Der Diener erschien an der Tür.

»Sind die Pferde da?« fragte der Alte. »Dann lasse einspannen.«

»Wird er davonfahren und mich allein, ohne Hilfe, lassen?« dachte Peter. Er ging im Zimmer auf und ab und sah zuweilen den Alten an. »Ja, dieser Mensch kennt die Wahrheit, und wenn er wollte, so könnte er sie mir entdecken.« Dies wollte er dem Freimaurer sagen.

Der Fremde ordnete seine Sachen und legte den Mantel um. Dann wandte er sich an Besuchow und fragte in gleichgültig höflichem Tone: »Wohin werden Sie jetzt reisen?«

»Ich? Nach Petersburg«, erwiderte Peter. »Ich danke Ihnen, ich bin in allem mit Ihnen einverstanden, aber glauben Sie nicht, daß ich so dumm sei. Von ganzer Seele wünsche ich mein Leben zu ändern, aber niemals und nirgends habe ich Hilfe gefunden . . . Übrigens bin ich ganz und gar selbst schuld. Helfen Sie mir, belehren Sie mich, und vielleicht werde ich . . .« Peter konnte nicht weiter sprechen und wandte sich ab. Der Freimaurer dachte nach und schien etwas zu überlegen.

»Die Hilfe kommt von Gott«, sagte er, »aber die Unterstützung, welche unser Orden zu bieten vermag, wird er Ihnen gewähren, mein Herr. In Petersburg übergeben Sie dies dem Grafen Willarsky!« Er nahm eine Brieftasche heraus und schrieb einige Worte auf ein Blatt Papier. »Einen Rat erlauben Sie mir noch Ihnen zu geben. Wenn Sie in der Residenz angekommen sind, so widmen Sie die erste Zeit der Einsamkeit und Selbstbetrachtung und verfallen Sie nicht wieder in Ihre frühere Lebensweise. Ich wünsche Ihnen glückliche Reise, mein Herr«, sagte er, als er bemerkte, daß ein Diener ins Zimmer trat.
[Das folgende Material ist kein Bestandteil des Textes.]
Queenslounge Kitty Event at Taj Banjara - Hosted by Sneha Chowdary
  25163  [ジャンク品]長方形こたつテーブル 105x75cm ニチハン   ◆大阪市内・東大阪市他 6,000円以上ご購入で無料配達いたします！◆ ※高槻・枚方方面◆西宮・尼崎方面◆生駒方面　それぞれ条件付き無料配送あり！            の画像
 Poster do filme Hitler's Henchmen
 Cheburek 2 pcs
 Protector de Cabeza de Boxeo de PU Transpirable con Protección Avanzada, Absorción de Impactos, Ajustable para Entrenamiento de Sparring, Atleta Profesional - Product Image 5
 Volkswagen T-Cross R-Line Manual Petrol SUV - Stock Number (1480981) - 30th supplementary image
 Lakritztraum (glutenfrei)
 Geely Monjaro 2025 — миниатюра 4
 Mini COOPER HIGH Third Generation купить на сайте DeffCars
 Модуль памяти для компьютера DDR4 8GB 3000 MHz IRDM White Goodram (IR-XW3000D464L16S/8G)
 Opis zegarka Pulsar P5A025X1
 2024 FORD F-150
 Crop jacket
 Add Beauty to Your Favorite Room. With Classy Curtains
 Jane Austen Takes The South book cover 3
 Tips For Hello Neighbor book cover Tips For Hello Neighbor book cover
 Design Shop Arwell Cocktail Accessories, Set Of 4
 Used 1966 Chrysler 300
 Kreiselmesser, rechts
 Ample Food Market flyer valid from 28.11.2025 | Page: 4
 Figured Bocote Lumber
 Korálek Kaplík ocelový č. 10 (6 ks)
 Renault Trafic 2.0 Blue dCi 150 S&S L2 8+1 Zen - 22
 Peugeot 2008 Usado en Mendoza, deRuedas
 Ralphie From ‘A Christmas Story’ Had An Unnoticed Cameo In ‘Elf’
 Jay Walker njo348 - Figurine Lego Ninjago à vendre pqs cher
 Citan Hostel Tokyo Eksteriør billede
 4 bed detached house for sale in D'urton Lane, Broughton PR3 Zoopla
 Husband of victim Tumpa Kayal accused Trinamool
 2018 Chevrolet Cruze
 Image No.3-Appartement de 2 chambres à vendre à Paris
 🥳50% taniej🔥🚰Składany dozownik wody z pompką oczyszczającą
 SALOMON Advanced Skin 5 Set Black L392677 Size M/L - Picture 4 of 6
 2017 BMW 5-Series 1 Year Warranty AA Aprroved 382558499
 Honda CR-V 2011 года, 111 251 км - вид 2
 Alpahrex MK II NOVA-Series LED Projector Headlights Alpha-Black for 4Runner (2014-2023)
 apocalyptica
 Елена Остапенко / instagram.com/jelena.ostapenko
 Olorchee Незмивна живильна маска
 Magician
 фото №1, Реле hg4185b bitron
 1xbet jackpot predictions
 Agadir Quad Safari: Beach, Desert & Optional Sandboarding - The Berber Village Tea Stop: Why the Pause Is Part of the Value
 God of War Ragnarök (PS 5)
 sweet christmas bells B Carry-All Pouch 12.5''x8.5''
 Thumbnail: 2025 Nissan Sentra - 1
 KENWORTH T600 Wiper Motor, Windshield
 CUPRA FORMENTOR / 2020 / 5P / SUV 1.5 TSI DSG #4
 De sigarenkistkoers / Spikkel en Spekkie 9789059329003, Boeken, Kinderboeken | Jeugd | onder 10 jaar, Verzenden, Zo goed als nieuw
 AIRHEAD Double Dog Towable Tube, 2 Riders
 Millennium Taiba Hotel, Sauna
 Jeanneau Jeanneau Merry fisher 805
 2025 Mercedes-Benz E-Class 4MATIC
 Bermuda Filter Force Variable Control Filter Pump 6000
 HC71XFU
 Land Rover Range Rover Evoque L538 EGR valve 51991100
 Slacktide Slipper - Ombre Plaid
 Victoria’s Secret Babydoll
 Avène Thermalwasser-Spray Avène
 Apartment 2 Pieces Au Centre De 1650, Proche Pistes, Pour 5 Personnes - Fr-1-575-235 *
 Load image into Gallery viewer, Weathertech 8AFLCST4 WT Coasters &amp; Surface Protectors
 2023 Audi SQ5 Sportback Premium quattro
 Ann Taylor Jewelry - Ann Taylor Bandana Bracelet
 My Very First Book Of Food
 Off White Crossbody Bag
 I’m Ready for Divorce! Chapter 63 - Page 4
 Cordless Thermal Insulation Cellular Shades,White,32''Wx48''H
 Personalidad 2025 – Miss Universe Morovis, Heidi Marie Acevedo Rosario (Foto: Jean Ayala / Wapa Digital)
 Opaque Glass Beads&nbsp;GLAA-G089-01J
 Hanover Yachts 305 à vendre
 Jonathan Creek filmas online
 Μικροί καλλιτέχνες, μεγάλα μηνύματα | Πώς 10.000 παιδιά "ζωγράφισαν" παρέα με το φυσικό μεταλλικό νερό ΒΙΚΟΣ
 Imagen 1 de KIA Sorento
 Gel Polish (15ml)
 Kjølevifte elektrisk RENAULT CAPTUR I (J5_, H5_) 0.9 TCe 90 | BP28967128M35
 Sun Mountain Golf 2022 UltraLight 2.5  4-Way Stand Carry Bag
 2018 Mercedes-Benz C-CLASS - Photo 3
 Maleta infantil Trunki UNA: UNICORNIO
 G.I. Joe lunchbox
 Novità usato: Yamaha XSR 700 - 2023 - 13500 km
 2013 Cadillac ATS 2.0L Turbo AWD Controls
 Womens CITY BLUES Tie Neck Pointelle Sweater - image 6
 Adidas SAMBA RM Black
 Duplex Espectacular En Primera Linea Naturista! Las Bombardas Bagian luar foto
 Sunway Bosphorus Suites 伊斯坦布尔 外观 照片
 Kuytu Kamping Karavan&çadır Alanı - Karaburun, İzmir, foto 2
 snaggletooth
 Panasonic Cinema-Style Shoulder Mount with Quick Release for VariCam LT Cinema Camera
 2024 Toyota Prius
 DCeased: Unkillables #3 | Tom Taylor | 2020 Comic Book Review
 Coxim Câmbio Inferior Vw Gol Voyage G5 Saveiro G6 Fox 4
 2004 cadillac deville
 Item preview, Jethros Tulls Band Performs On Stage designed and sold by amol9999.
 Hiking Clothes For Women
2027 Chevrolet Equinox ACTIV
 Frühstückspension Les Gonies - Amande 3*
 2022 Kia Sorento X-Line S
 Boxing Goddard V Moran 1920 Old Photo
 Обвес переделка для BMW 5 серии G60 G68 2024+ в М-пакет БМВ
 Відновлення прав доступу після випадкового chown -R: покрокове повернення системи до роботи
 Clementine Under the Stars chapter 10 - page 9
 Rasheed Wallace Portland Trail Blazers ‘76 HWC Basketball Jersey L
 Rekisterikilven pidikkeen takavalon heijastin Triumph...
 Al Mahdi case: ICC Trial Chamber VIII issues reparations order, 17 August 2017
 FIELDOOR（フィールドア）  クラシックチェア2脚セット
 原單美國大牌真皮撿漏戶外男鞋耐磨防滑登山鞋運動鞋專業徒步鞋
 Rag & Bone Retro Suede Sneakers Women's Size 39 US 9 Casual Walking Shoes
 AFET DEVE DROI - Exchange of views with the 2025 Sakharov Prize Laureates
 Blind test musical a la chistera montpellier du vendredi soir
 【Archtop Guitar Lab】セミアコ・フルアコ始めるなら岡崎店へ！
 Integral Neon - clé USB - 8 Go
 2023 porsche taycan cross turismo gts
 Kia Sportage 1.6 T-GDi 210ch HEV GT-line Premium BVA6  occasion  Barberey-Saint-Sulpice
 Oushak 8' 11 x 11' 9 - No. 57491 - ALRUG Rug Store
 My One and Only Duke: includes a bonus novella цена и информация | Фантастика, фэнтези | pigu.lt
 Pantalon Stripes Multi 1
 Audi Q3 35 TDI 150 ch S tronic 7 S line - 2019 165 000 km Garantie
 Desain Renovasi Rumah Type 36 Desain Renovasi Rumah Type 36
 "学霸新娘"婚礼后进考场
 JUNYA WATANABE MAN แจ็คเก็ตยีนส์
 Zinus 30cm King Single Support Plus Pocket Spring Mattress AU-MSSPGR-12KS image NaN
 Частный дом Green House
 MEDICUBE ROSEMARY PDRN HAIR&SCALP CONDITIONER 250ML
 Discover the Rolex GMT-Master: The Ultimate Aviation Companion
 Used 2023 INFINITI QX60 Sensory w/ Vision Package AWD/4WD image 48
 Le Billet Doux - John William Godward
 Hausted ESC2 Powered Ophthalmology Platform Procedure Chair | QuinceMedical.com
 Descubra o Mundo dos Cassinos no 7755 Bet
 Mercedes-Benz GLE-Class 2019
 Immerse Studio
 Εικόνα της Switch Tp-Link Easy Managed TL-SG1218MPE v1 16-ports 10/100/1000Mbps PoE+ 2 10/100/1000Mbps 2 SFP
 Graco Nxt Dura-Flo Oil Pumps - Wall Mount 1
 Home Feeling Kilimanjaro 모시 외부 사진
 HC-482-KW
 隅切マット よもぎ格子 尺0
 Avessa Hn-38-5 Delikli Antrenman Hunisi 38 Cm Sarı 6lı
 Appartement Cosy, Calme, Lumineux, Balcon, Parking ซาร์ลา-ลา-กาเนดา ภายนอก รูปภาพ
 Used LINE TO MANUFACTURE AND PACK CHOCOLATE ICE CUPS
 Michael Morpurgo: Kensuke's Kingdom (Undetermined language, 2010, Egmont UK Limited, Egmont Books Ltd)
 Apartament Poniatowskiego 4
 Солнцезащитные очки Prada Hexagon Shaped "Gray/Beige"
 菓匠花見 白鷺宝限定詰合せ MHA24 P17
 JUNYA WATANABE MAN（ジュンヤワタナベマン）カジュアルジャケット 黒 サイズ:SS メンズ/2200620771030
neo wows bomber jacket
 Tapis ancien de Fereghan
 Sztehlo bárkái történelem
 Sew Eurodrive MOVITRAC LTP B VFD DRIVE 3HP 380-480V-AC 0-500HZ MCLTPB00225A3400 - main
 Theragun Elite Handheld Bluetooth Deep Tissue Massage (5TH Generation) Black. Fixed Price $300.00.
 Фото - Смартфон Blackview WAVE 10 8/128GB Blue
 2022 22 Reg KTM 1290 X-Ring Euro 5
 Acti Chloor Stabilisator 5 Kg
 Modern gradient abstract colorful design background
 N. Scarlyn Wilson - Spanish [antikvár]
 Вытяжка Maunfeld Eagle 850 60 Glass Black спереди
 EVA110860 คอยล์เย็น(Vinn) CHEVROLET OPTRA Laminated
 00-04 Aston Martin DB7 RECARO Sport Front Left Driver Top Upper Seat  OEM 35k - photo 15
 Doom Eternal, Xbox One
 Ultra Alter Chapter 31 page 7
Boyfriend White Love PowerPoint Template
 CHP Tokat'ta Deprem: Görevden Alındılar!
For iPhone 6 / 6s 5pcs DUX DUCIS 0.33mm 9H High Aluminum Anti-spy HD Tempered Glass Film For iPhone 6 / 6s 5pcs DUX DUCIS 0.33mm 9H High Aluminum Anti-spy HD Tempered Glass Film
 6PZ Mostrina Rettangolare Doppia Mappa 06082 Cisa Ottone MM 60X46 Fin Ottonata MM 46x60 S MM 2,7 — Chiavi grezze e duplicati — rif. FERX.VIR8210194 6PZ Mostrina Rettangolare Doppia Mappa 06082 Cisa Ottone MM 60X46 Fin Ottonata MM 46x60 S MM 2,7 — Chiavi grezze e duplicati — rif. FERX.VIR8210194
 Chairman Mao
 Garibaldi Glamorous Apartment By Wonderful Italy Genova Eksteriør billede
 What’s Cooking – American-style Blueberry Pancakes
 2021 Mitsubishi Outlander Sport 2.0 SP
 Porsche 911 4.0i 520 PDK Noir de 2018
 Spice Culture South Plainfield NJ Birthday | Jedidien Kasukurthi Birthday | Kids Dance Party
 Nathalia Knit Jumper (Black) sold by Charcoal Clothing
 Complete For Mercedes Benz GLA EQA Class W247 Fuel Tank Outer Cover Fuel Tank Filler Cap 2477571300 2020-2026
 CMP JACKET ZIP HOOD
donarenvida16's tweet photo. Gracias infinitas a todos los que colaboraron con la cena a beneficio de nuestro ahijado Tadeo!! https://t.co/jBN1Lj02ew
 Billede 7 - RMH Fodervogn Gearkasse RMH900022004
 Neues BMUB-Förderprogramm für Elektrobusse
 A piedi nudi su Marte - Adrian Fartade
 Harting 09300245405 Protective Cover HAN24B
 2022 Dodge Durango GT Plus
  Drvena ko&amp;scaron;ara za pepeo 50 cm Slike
Der Fremde war Ossip Alexejewitsch Basdejew, wie Peter aus dem Fremdenbuch der Station erfuhr. Basdejew war einer der berühmtesten Freimaurer. Lange nach seiner Abreise ging Peter im Zimmer auf und ab, ohne nach Pferden zu fragen, überdachte seine lasterhafte Vergangenheit und stellte sich mit Entzücken seine vorwurfsfreie, tugendhafte Zukunft vor, die ihm so leicht erreichbar schien. Er glaubte nur deswegen lasterhaft gewesen zu sein, weil er zufällig vergessen hatte, wie schön es sei, tugendhaft zu sein. In seiner Seele war nicht eine Spur der früheren Zweifel zurückgeblieben. Er glaubte fest an die Möglichkeit einer Verbrüderung der Menschen zum Zwecke der gegenseitigen Unterstützung auf dem Wege der Tugend, und dies schien ihm das Ziel der Freimaurer zu sein.